- Celsius wants users to enable ‘HODL mode’ to win row with lawyers
- Withdrawals and transfers on the platform have been frozen since June 12
Struggling crypto lender Celsius Network hopes a show of support from its users will save it from bankruptcy.
Celsius, in the grip of a cash crunch for weeks, is resisting advice from its own attorneys to file for Chapter 11 bankruptcy, The Block reported Monday, citing people familiar with the matter.
Chapter 11 is one of the most expensive forms of bankruptcy proceedings. In this formal process, a court helps a business restructure its debt and obligations while continuing to operate.
In a bid to win an internal row with its lawyers, Celsius now wants to prove that most users would prefer the company to avoid bankruptcy altogether.
Users could show their support by enabling “HODL mode” in their Celsius accounts, a security feature for customers who do not wish to withdraw or transfer funds for an extended period.
Celsius has blocked withdrawals and transfers on the platform since June 12, but users can still show their trust in the network by launching the HODL feature, according to the report. Despite the withdrawal restrictions, Celsius continued to receive customer deposits.
The company would be unable to publicly announce its position on the matter due to legalities. Chief Executive Alex Mashinsky, who is currently in the United States, would also not be able to comment on the company’s position.

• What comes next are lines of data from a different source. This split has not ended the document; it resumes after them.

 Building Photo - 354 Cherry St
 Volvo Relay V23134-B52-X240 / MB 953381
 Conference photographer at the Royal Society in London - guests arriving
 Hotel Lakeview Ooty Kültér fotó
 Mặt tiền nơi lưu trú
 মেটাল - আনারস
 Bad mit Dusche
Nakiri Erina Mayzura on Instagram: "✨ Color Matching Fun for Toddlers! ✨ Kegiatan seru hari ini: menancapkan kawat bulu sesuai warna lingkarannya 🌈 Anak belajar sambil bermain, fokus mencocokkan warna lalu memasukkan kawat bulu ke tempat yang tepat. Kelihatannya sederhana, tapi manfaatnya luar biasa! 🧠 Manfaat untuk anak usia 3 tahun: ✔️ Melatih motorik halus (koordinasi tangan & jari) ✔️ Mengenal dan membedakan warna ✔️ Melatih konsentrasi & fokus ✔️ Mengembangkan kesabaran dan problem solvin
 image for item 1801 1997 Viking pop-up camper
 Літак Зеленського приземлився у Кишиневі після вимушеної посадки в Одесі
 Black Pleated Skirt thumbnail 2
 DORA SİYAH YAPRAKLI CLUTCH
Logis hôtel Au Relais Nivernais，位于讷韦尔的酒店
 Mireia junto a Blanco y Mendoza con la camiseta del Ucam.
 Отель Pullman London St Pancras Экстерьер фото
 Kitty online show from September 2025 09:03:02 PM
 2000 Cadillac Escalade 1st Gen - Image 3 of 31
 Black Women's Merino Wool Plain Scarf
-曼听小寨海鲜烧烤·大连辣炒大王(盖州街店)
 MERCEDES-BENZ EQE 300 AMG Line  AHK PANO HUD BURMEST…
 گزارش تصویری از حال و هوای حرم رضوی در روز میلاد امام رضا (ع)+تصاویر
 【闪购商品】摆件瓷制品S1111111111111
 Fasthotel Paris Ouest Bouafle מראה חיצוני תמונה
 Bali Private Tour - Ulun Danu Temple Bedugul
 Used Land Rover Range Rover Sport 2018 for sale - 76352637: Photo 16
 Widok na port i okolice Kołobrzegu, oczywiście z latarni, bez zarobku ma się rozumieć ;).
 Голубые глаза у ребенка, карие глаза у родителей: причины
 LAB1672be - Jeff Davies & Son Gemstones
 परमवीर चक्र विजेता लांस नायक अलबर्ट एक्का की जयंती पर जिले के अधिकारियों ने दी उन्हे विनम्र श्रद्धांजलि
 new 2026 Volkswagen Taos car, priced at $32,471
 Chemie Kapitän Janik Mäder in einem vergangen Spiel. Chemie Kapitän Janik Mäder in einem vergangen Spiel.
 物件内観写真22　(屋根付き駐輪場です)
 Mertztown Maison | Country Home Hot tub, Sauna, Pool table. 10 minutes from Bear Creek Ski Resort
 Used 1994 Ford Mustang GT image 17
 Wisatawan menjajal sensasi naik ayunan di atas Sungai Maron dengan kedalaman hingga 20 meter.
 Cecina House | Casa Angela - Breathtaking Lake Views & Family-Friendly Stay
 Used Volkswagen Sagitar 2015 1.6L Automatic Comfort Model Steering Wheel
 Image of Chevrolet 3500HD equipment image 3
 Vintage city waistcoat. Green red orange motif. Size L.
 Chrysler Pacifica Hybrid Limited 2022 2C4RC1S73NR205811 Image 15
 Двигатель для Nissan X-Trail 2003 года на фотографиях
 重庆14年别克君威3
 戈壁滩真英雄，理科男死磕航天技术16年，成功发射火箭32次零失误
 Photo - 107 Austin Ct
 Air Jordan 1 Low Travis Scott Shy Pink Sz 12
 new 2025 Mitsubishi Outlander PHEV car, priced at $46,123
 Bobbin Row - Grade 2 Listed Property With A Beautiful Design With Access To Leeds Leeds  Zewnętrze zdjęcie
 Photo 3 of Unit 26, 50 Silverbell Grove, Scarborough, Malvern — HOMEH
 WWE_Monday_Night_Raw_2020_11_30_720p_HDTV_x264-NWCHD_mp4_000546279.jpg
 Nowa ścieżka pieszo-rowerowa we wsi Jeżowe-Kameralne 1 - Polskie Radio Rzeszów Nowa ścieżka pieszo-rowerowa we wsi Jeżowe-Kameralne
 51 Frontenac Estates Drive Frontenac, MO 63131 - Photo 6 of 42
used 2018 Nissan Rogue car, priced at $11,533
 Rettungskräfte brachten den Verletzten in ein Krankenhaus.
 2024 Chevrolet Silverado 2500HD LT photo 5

Celsius’ situation initially raised concerns that the rout could affect other companies in the crypto industry in an already difficult market environment. Rival BlockFi was hit with liquidity issues shortly after Celsius as insolvency rumors swirled around crypto hedge fund firm Three Arrows Capital.
“We are experiencing the biggest crypto crash in history,” said Louis Schoeman, managing director of Forex Suggest. “With massive inflation data and the semi-collapse of the Celsius network driving the downward spiral, I believe only the best fundamentally sound crypto projects will survive this bear market.”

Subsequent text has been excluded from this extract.